People found to be legally insane in Nevada may once again plead not guilty by reason of insanity, protecting them from prosecution under a new law that took effect last week.
Prosecutors, who pushed in 1995 to replace the state's insanity statute with one that substituted pleas of guilty but insane, downplayed its reinstatement and said the law is rarely used and tough to achieve.
But defense lawyers and civil libertarians argue the reinstated law fails to protect a mentally ill person's constitutional rights. The law was changed only after the Nevada Supreme Court ruled in 2001 that the old law violated the state and U.S. constitutions.
"It was a symbolic victory,"Richard Siegel, president of the American Civil Liberties Union of Nevada, told the Reno Gazette-Journal.
When lawmakers reinstated the plea of not guilty by reason of insanity, they chose to revert to the old statute's rigid 19th century standards for determining who is insane, Siegel said.

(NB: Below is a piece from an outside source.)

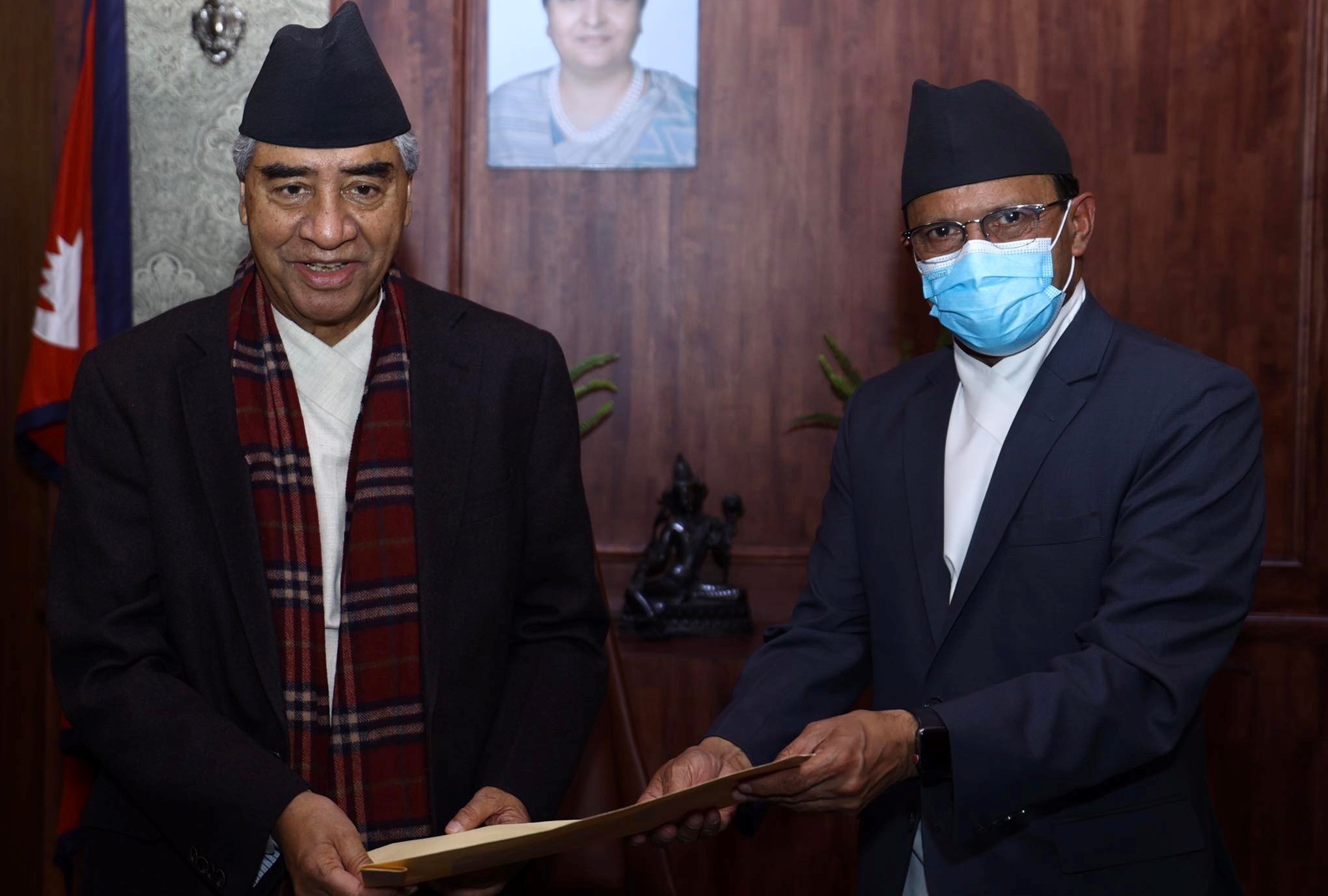 मिनेन्द्र रिजालले दिए रक्षामन्त्रीबाट राजीनामा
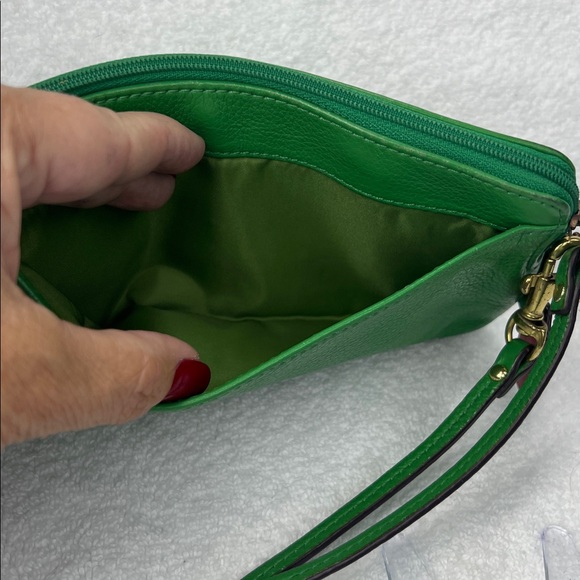 Coach Vibrant Green Leather Wristlet - Picture 6 of 9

They could have updated the law with new standards that use more expansive criteria _ standards that half the states in the nation have adopted, he said.

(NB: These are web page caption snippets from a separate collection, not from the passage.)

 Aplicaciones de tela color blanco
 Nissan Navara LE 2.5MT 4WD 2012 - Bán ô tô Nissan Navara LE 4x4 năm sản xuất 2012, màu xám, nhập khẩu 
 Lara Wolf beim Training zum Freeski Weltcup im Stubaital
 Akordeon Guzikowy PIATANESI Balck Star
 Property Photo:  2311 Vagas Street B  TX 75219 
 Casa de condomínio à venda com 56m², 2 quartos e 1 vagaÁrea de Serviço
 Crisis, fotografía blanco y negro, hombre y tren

The old standards, called the M'Naughten rule, make it almost impossible for a severely mentally ill person to qualify as such when involved in a crime, Siegel said.
"It may appear from the law that we are determined to protect the mentally ill,"he said."But the law as applied means that it is society's will to treat most seriously mentally ill people the same as others who are not at all mentally ill."

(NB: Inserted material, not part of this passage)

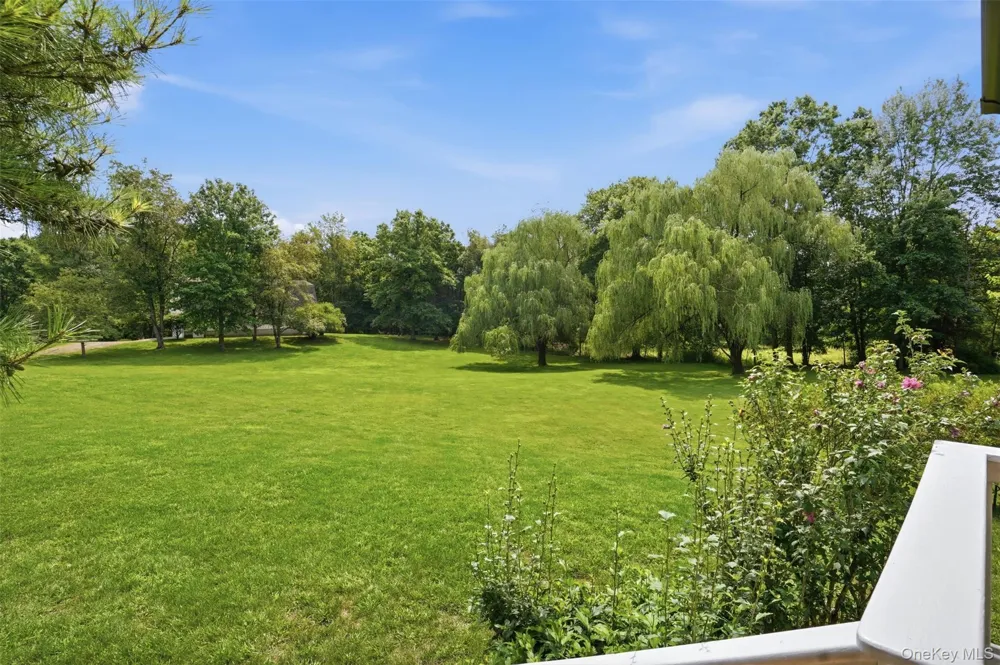 28 Enright Lane Montgomery, NY 12549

The Legislature abolished the insanity plea in 1995 after prosecutors successfully argued that courts were using the sanity of a person too liberally. They also said rebutting an insanity defense was time consuming and costly.
But in 2001, Frederick Finger of Las Vegas challenged the change in the law by appealing his murder conviction to the state Supreme Court. Abolishing the insanity defense, he argued, violated his due process rights.
In a 4-3 decision, the justices agreed.
"Legal insanity is a well-established and fundamental principle of the law of the United States,"the majority wrote.
A person found not guilty by way of insanity must be committed to a mental health facility until he or she is found to be no longer a danger to himself or others. Under the guilty but mentally ill statute, a person could be convicted of a crime and receive treatment in a mental health facility, but once released, must serve prison time if their sentence requires it.
The new law brought state statutes in line with the Supreme Court's ruling and used the M'Naughten standards found in the pre-1995 insanity statute.
Those standards were established in the British courts in 1843 in the case of Daniel M'Naughten, who tried to kill the prime minister but killed his secretary instead.
The case established the"right-wrong"rule, which says people cannot be held responsible for their crimes if they could not tell the actions were morally wrong when they committed them.
Critics argue the rule doesn't take into account advances in psychiatry and the understanding of mental illnesses that have occurred, especially since the 1950s.
Twenty-five states still use the M'Naughten test, but about half have altered the rule.
The newer standards, adopted by 22 states, were established in 1962 by the American Law Institute. Instead of a rigid knowing-right-from-wrong test, the new rules determine whether a person has the capacity to understand right from wrong.
Washoe County District Attorney Richard Gammick said he supported the 1995 change in the law abolishing the insanity plea. A person with mental illness should still be prosecuted, he said.
"The new law says they get completely away with it,"he said.
But Gammick said he's not bothered with the Supreme Court ruling and new legislation because the M'Naughten standards are so tough.
"I'm not aware of a person being found not guilty"under those standards, he said.
John Malone, a deputy county public defender, agreed the newest standards adopted by the Legislature are difficult to overcome.
But he differed with the prosecutor on whether that was best.
"It does tend to discriminate against people with mental illness,"he said."We create a lot of injustice in not recognizing those cases in which (an insanity plea) should be used."